**Data shown**.
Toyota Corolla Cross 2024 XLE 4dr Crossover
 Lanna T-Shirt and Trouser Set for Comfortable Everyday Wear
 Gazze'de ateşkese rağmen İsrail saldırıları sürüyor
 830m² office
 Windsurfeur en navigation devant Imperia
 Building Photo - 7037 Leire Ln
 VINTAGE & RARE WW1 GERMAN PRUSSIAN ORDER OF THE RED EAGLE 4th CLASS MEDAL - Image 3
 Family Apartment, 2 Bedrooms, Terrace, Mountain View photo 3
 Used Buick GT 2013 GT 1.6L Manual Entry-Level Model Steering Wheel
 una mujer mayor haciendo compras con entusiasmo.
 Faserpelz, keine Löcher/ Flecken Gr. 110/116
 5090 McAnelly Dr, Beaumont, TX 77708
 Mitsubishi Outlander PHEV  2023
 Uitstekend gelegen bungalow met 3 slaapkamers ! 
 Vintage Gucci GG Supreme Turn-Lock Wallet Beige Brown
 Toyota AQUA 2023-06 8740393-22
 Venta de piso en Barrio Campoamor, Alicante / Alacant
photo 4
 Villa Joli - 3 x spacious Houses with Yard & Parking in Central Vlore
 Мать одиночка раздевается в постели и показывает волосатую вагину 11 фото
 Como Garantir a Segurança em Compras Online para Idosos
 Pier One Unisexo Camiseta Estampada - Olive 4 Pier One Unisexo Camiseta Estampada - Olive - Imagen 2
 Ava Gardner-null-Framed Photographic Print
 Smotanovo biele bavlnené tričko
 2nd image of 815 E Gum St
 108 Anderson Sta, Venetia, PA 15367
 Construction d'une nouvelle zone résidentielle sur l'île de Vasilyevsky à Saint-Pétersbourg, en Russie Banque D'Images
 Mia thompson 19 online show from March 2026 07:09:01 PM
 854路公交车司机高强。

**What you should do**.
Everything above from the line containing "Villa Joli - 3" down to the line containing "Pier One Unisexo Camiseta Estampada - Olive 4" should be copied exactly, both end lines included, and nothing else.

**Exercise response**.
 Villa Joli - 3 x spacious Houses with Yard & Parking in Central Vlore
 Мать одиночка раздевается в постели и показывает волосатую вагину 11 фото
 Como Garantir a Segurança em Compras Online para Idosos
 Pier One Unisexo Camiseta Estampada - Olive 4 Pier One Unisexo Camiseta Estampada - Olive - Imagen 2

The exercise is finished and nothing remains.